[Opening TASK INPUTS section]

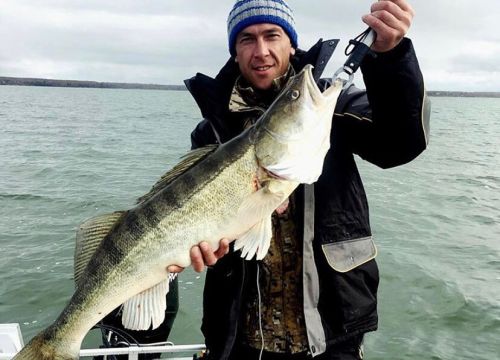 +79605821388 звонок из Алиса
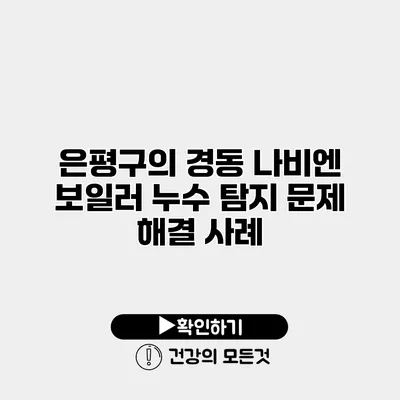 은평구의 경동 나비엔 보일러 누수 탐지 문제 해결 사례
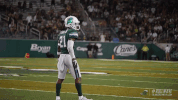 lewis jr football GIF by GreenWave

[Closing TASK INPUTS section]
[Opening TASK INPUTS section]

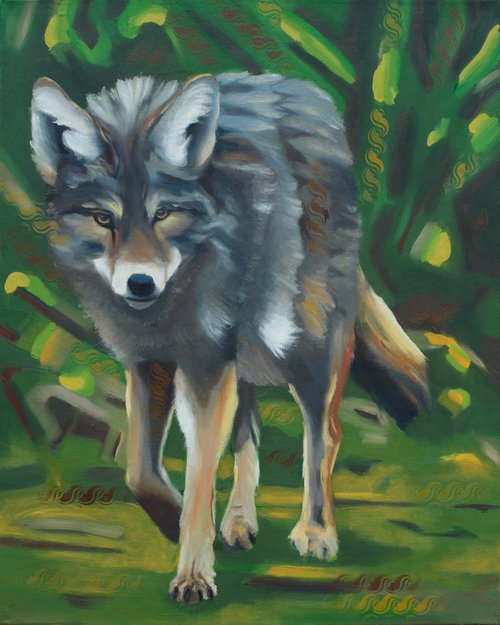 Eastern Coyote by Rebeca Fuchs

[Closing TASK INPUTS section]

» INSTRUCTIONS FOR THE TASK
Start with the line above containing "은평구의 경동 나비엔 보일러 누수 탐지 문제 해결 사례" and end with the line containing "lewis jr football GIF by GreenWave". Set down that stretch exactly, without any pictures.

» ANSWER TO THE EXERCISE
 은평구의 경동 나비엔 보일러 누수 탐지 문제 해결 사례
 lewis jr football GIF by GreenWave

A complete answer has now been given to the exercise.